Literature DB >> 21673460

Dynamics of plasma active GLP-1 versus insulin and glucose concentrations during GLP-1 infusion in rat model of postprandial hyperglycemia.

Jun-ichi Eiki1, Toshihiko Yada.   

Abstract

In vitro studies in isolated pancreas and islets have shown that glucagon-like peptide-1 (GLP-1) promotes insulin release in a typical concentration-dependent manner. In contrast, the relationship between plasma GLP-1 and insulin concentrations in vivo is complicated, because GLP-1-promoted insulin release lowers blood glucose, which influences glucose-dependent insulinotropic ability of GLP-1. GLP-1 also stimulates insulin release via hepatoportal neuronal mechanism. Hence, the dynamic relationship between plasma active GLP-1 vs. insulin and glucose concentrations is obscure. In this study, we aimed to determine in vivo relationships between these parameters in rats. To mimic postprandial state, intraduodenal glucose challenge in anesthetized rats was performed, which can minimize the release of endogenous GLP-1. The glucose challenge induced the 1st phase and 2nd phase insulin release. GLP-1 infusion from jugular vein significantly and concentration-dependently enhanced area under the curve (AUC) of the 1st phase insulin, in which the minimum effective active GLP-1 concentration was 6.6 pmol/l.

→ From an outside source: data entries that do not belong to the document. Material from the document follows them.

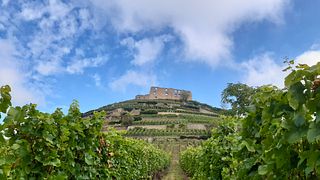Baden Biodynamic - En dag i en vinmakares liv
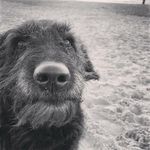 Shelly Mann - @shellyfredmann - Instagram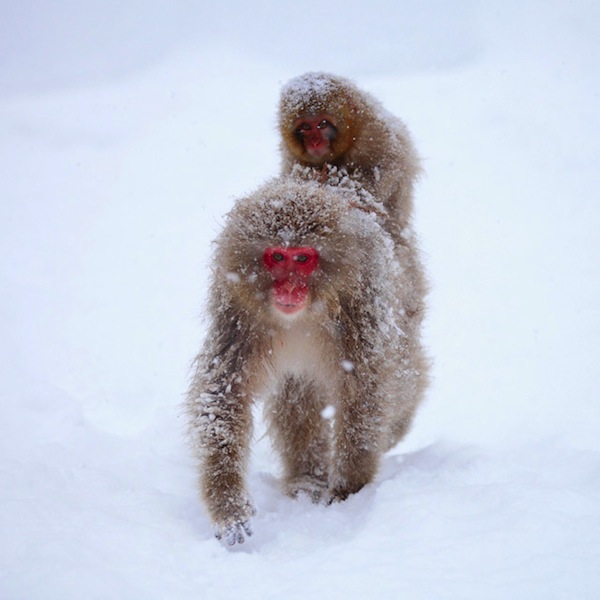 snow monkey jigokudani 5 Jigokudani Snow Monkeys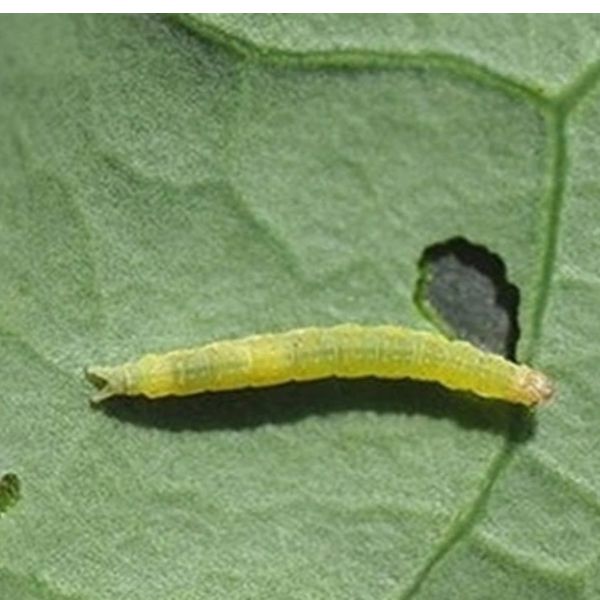 Sâu tơ gây hại trên cây bắp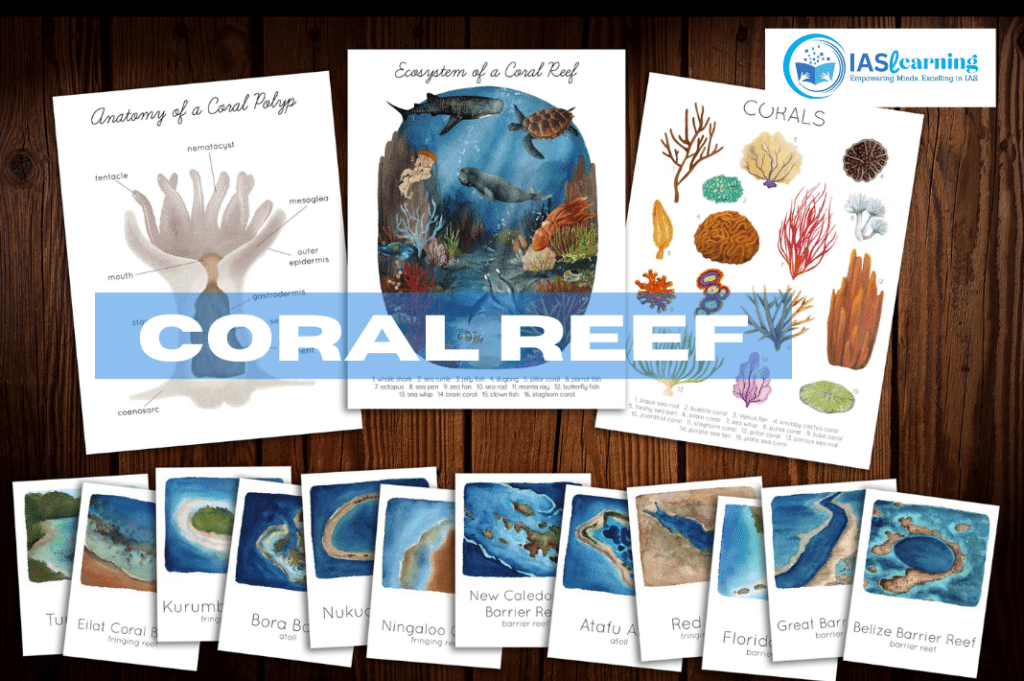 coral reef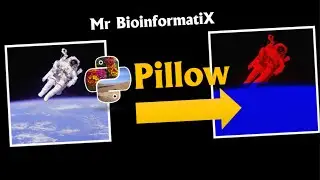 Pillow Library in Python PART2! | Python Tutorial | Python for beginners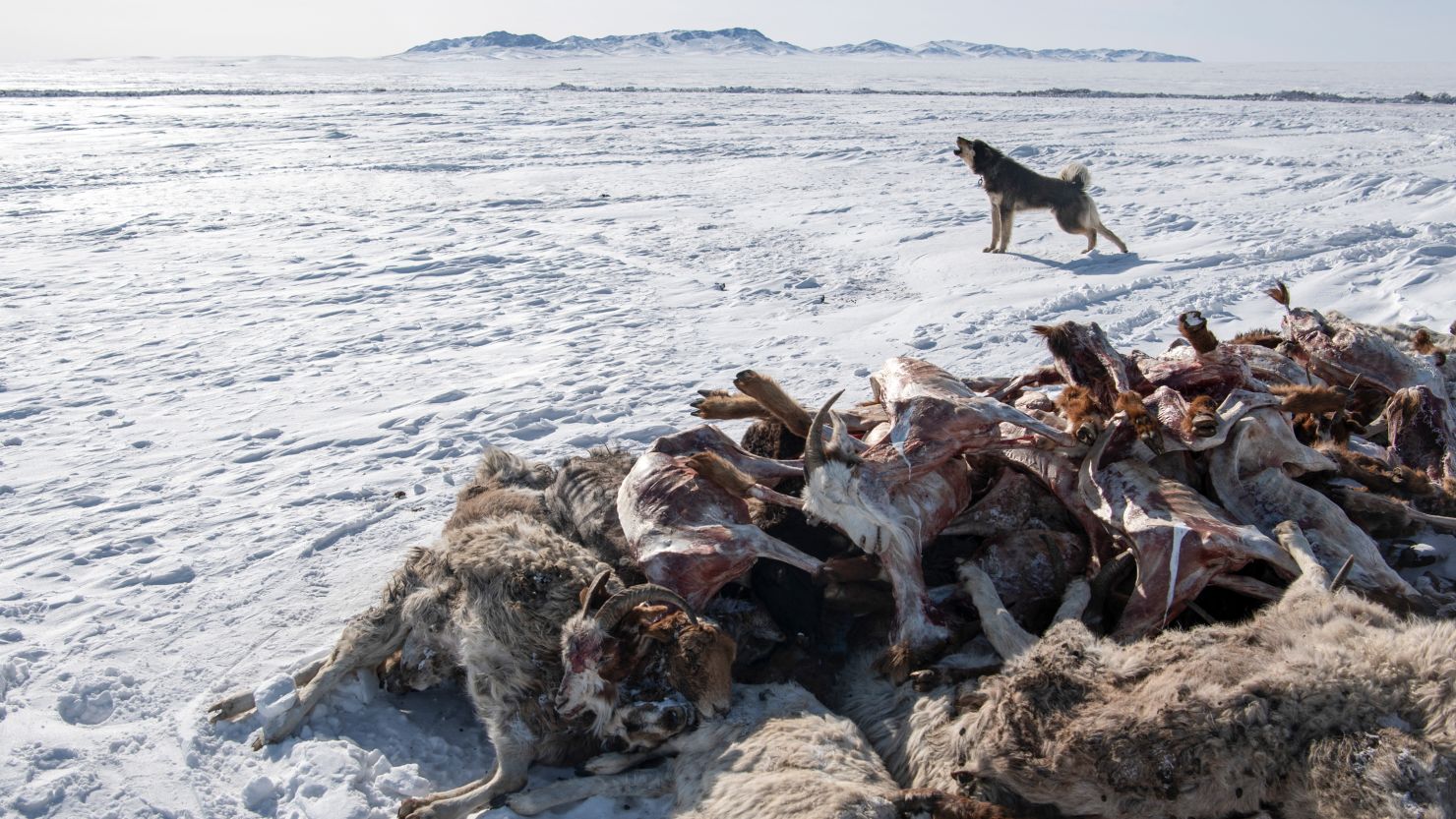 A dog howls next to dead sheep and goats amid extremely cold weather conditions in Bayanmunkh, in Mongolia's Khentii Province on February 22, 2024.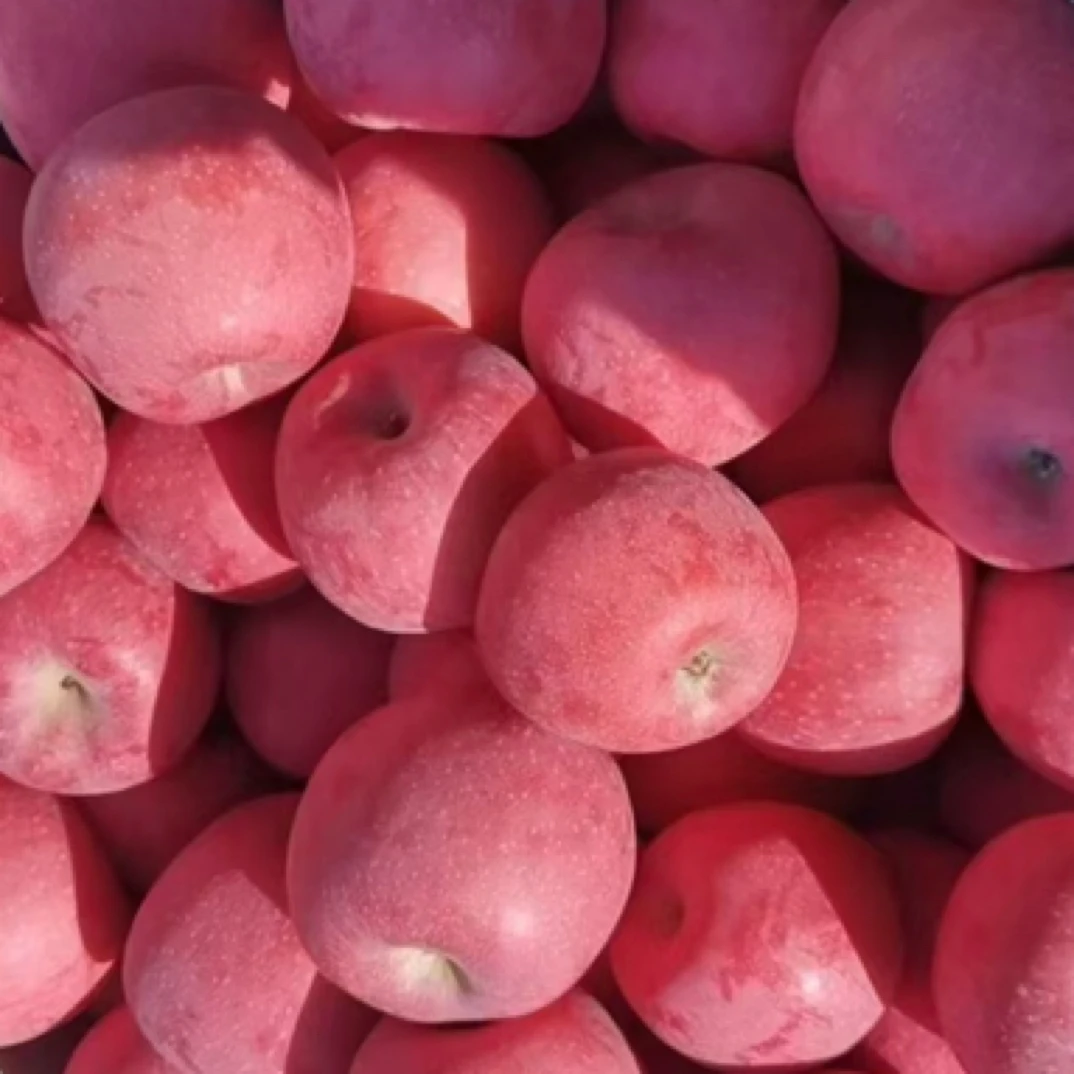 粉红佳人富士苹果5斤红富士苹果山东省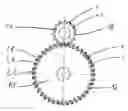 Fig. 01 - Gear protected against overloading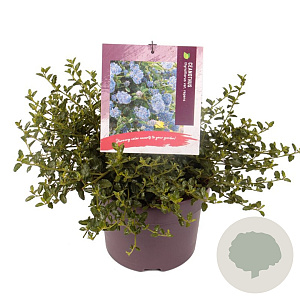 Ceanothus thyrsiflorus repens 25-30 cm 5,0L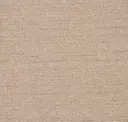 Sandman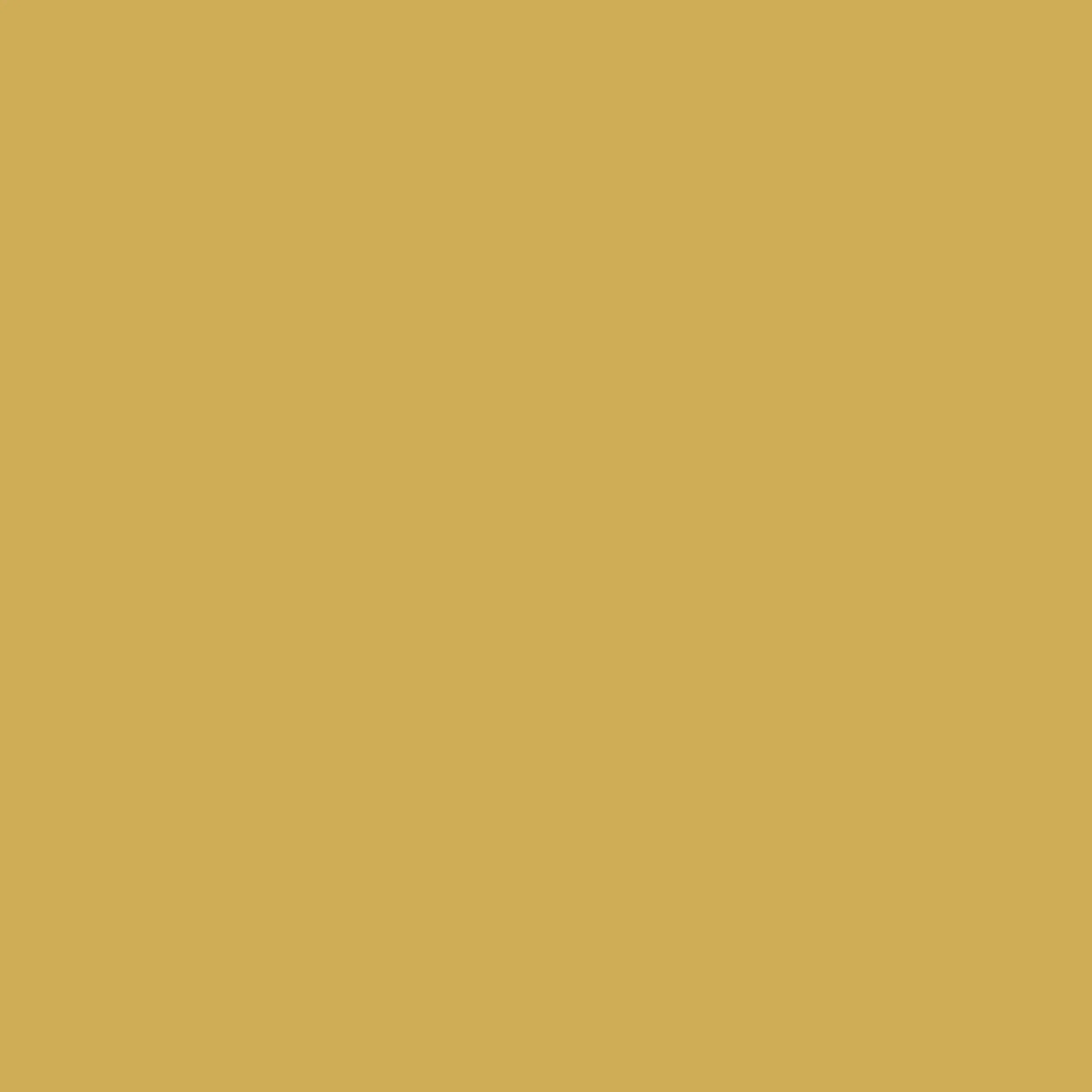 Colourtrend French Mustard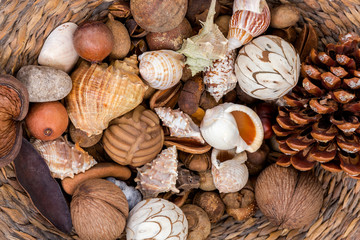 Wicker basket with seashells, pine cones, seeds and dried fruits.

In contrast, bell-shaped dose responses were observed for both the 2nd phase and total insulin AUCs, in which a significant increase was obtained only with 11 pmol/l of active GLP-1 for total insulin AUC. A statistically significant reduction in the plasma glucose AUC was observed when active GLP-1 concentration was 11 pmol/l and 21 pmol/l. These results indicate that GLP-1 markedly enhances the 1st phase insulin release while less potently the 2nd phase insulin release, possibly due to a negative feedback regulation of β-cells via reduced plasma glucose levels by the enhanced 1st phase insulin release.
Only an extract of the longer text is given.